40202, setting fuzzy ranges of hue components H, saturation components S and brightness components V in an HSV space;

in specific implementation, fuzzy ranges of hue components H, saturation components S and brightness components V in the HSV space are shown in Table 1;

TABLE 1 fuzzy Range

40203, processing the target drilling hole mark image in the HSV space into a binary image according to the fuzzy range;

40204, drawing and connecting the periphery of each connected region in the binary image;

step 40205, screening the connected region according to the length-width ratio and the area of the drilling mark to obtain a candidate region image of the drilling mark;

step 40206, segmenting the candidate region image from the target borehole marker image, so as to facilitate subsequent accurate identification and positioning.

In specific implementation, since the resolution of the picture returned by the camera in the vision system 15 is high, which may seriously affect the real-time performance of the settlement of the positioning result, the candidate region image is segmented in the target borehole marker image and used as the input of the deep convolutional neural network.

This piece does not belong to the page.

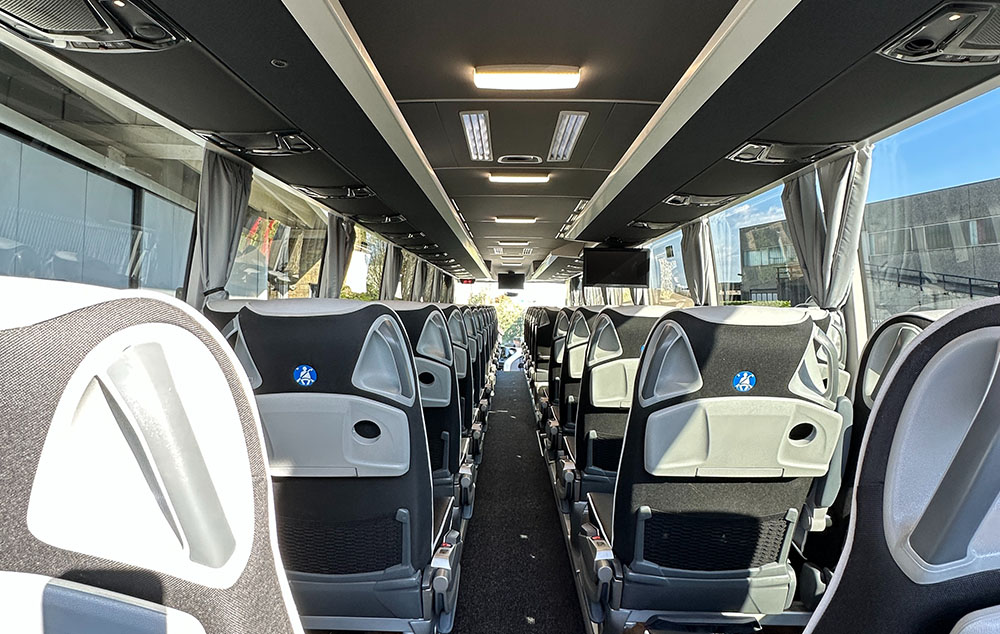 noleggio bus Perletti bus mercedes tourismo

In this embodiment, the specific process of accurately positioning the target borehole marker image by using the deep convolutional neural network in step 403 includes:

40301, constructing a depth convolution neural network structure for accurately positioning a target borehole marking image;

the deep convolutional neural network structure comprises three levels of cascaded convolutional neural networks CNN;

the first layer comprised 1 CNN with 39 x 39 inputs;

the second layer comprises 2 CNNs, the input sizes are all 15 x 15, every two CNNs form a pair, a pair of CNNs predict an anchor point, and the prediction results are averaged;

the third layer comprises 2 CNNs, the input sizes are all 15 x 15, and every two CNNs form a pair;

step 40302, training a deep convolutional neural network;

selecting a plurality of candidate area images as a training sample set, marking drilled holes or non-drilled holes, and inputting a deep convolutional neural network for training;

40303, accurately positioning the target borehole marker image by using a depth convolution neural network;

and inputting the candidate area image to perform target drilling mark identification and positioning to obtain a positioning and identification result of drilling or non-drilling.

The above description is only a preferred embodiment of the present invention, and is not intended to limit the present invention, and all simple modifications, changes and equivalent structural changes made to the above embodiment according to the technical spirit of the present invention still fall within the protection scope of the technical solution of the present invention.